A retired Air Force general who was known as the father of “strategy to task,” and was instrumental in the development and implementation of new weapon systems during the last half of the 20th Century passed away April 25, at the age of 96.
Retired Lt. Gen. Glenn A. Kent spent more than three decades as an Army Air Corps and Air Force officer, becoming influential in the development, analysis and implementation of new weapons systems for the Department of Defense. He retired from the Air Force in 1974 as the director of the Weapon Systems Evaluation Group, Office of the Director of Defense Research and Engineering, with the Office of the Secretary of Defense.
Kent was considered to be one of the premier analytical thinkers of all time and considered a visionary of defense analyses still in use today. In his memoir “Thinking about America’s Defense,” Kent provided a summary of national security issues he personally engaged over his career.
In addition to creating the concept of a single integrated operation plan, Kent also led DoD’s official assessment of strategic defenses throughout the 1960s and helped bring new weapon systems to life. He also developed and analyzed strategic nuclear arms control agreements that did much to lead to the end of the Cold War.
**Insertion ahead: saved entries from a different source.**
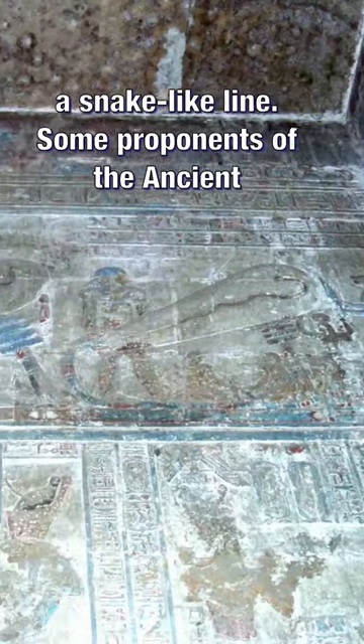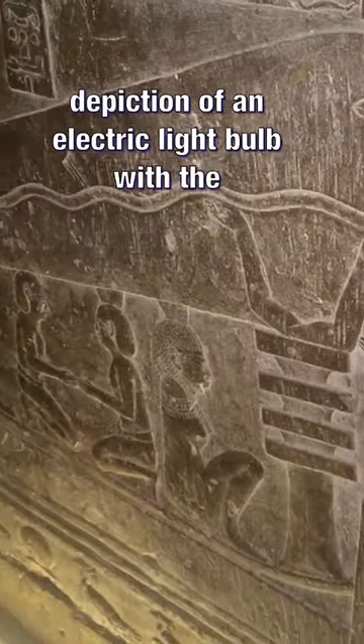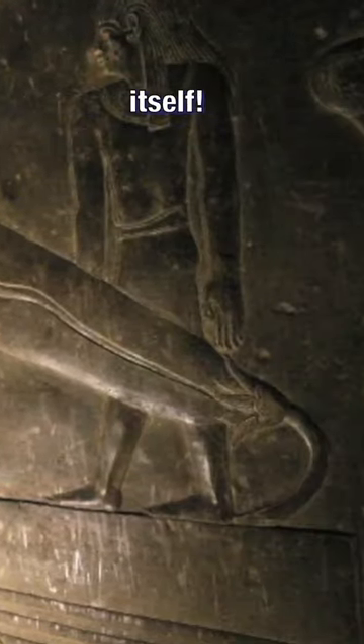Some proponents of the ancient astronaut hypothesis suggest that this is a clear depiction of an electric light bulb, with the snake representing the filament, the lotus flower the socket, and the bubble the bulb itself.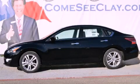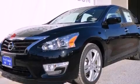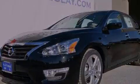This is a brand new 2013 Nissan Altima. It has a 3.5-liter six-cylinder engine and an automatic transmission.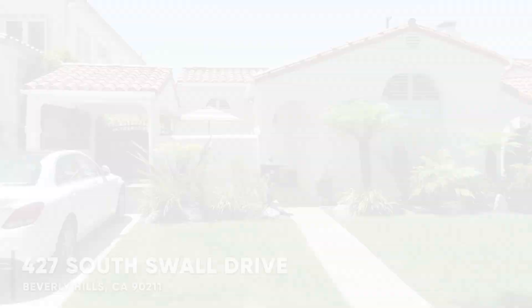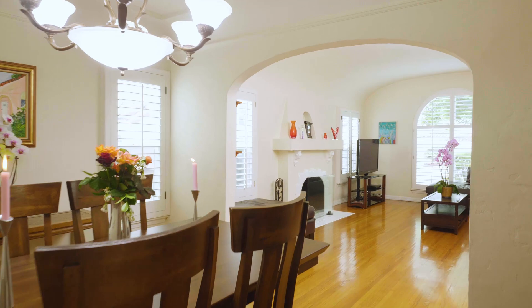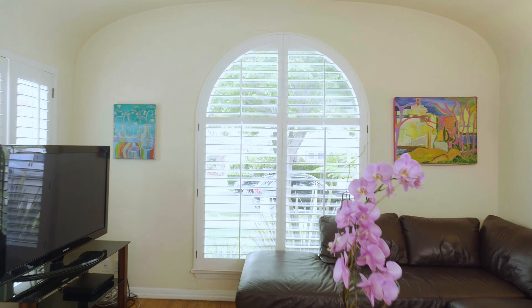Three bedrooms, two and three-quarter bathrooms, hardwood floors throughout the entire house. Big living room with fireplace, picture windows, and beautiful plantation shutters. Elegant formal dining room right off of the living room with an open floor plan.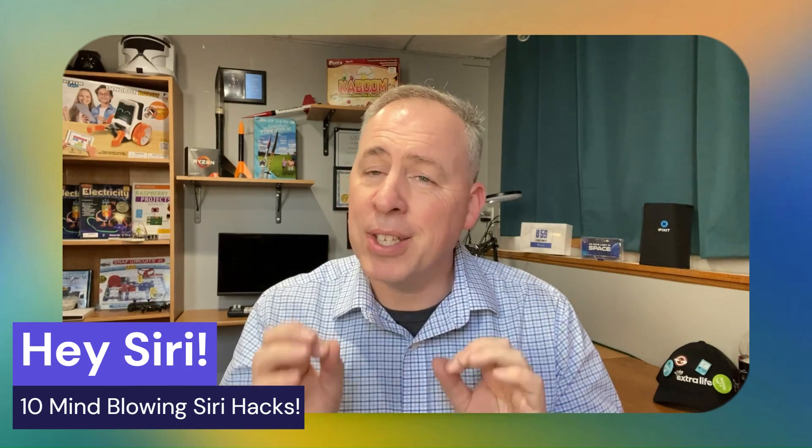Hey everyone, welcome back to the channel. Let's talk Siri. Apple's voice assistant is still far from perfect after more than 10 years after it was released. However, it is constantly improving. It can actually do more than what you might realize. That's why I've compiled a list of 10 features that Siri can do that a lot of people may not know about.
Kent began his military career in 1941 when he joined the Army Air Corps as a cadet and completed training in meteorology at the California Institute of Technology in 1942. His first assignment took him to Goose Bay, Labrador, Canada, as a weather officer, and later during World War II was assigned to Greenland in a similar capacity.
Over a career spanning more than 33 years, Kent had numerous assignments in the weapons field with positions that ranged from research and development to planning, strategy and policy-making at the Headquarters, U.S. Air Force and Department of Defense levels.
After earning a bachelor’s degree from Western State College of Colorado, Gunnison, in 1936, Kent went on to earn degrees from the Naval Post Graduate School in Annapolis, Md., and the University of California at Berkley.
After his retirement from the Air Force, Kent spent more than 20 years as a defense analyst for the Rand Corp.
Kent’s legacy continues today with the Lt. Gen. Glenn A. Kent Leadership Award, which recognizes leadership for the analytic community.
According to a senior Air Force official, while our nation was facing the Cold War and the Vietnam conflict, General Kent contributed critical thought and sound analysis to help convince leaders that a single command with an integrated operations plan should be responsible to organize and employ our strategic forces. His visionary concepts laid the way to the end of the Cold War two decades later.
“General Kent compels us to think logically as well as to study the lessons experienced by those before us –how they prevailed, adapted and modernized. These insights can help us maintain a competitive edge over our foes now and in the future.”